'''

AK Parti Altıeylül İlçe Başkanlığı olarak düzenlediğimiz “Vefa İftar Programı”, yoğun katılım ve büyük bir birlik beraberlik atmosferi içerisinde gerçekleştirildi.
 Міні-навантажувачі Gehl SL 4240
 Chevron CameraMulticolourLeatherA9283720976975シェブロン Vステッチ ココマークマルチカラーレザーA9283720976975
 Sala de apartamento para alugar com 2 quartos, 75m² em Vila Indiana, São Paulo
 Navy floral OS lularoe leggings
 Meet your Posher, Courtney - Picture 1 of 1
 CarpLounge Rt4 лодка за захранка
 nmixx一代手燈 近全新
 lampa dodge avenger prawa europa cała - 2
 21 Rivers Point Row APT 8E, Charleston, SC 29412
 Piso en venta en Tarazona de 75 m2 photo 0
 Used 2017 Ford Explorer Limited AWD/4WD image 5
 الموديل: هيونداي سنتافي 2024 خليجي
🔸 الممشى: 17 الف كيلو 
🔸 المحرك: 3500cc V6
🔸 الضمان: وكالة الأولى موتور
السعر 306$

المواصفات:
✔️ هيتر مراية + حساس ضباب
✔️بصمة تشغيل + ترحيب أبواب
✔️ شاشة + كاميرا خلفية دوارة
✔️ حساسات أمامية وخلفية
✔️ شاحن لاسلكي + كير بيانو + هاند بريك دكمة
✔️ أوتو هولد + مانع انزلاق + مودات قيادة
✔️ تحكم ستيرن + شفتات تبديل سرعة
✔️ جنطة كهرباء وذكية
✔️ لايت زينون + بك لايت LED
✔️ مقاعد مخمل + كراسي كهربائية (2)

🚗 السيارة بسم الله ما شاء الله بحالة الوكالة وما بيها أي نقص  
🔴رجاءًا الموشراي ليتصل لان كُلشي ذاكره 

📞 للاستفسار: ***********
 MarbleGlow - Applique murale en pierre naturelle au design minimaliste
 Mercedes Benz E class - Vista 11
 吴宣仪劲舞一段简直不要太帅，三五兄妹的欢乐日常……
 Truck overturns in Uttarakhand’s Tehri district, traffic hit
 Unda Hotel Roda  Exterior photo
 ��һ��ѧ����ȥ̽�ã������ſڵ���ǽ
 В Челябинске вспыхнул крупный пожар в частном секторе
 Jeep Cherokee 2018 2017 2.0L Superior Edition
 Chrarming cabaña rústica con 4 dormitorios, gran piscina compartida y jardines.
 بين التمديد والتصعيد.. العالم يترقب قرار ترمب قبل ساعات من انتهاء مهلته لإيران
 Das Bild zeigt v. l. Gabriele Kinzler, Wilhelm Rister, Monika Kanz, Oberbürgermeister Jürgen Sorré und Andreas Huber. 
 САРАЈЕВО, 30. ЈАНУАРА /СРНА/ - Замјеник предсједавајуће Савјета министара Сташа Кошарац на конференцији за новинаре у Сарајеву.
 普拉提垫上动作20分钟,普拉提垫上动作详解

'''

ACTIVITY
Output the listing above word for word, from the opening line through the line that contains "Piso en venta en Tarazona de 75 m2 photo 0", and leave out everything after it.

OUTPUT OF THE TASK
AK Parti Altıeylül İlçe Başkanlığı olarak düzenlediğimiz “Vefa İftar Programı”, yoğun katılım ve büyük bir birlik beraberlik atmosferi içerisinde gerçekleştirildi.
 Міні-навантажувачі Gehl SL 4240
 Chevron CameraMulticolourLeatherA9283720976975シェブロン Vステッチ ココマークマルチカラーレザーA9283720976975
 Sala de apartamento para alugar com 2 quartos, 75m² em Vila Indiana, São Paulo
 Navy floral OS lularoe leggings
 Meet your Posher, Courtney - Picture 1 of 1
 CarpLounge Rt4 лодка за захранка
 nmixx一代手燈 近全新
 lampa dodge avenger prawa europa cała - 2
 21 Rivers Point Row APT 8E, Charleston, SC 29412
 Piso en venta en Tarazona de 75 m2 photo 0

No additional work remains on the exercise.